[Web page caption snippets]
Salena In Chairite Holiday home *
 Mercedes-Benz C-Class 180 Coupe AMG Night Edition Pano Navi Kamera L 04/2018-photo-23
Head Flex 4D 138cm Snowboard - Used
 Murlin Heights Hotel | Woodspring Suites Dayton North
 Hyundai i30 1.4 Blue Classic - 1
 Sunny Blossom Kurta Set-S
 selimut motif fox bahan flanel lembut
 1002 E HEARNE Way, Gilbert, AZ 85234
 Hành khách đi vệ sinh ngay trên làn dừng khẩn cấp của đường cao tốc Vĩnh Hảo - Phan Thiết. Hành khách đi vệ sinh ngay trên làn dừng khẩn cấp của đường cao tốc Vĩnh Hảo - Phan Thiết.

§ **What is being asked**
Output each record precisely as given.

§ **Written answer**
Salena In Chairite Holiday home *
 Mercedes-Benz C-Class 180 Coupe AMG Night Edition Pano Navi Kamera L 04/2018-photo-23
Head Flex 4D 138cm Snowboard - Used
 Murlin Heights Hotel | Woodspring Suites Dayton North
 Hyundai i30 1.4 Blue Classic - 1
 Sunny Blossom Kurta Set-S
 selimut motif fox bahan flanel lembut
 1002 E HEARNE Way, Gilbert, AZ 85234
 Hành khách đi vệ sinh ngay trên làn dừng khẩn cấp của đường cao tốc Vĩnh Hảo - Phan Thiết. Hành khách đi vệ sinh ngay trên làn dừng khẩn cấp của đường cao tốc Vĩnh Hảo - Phan Thiết.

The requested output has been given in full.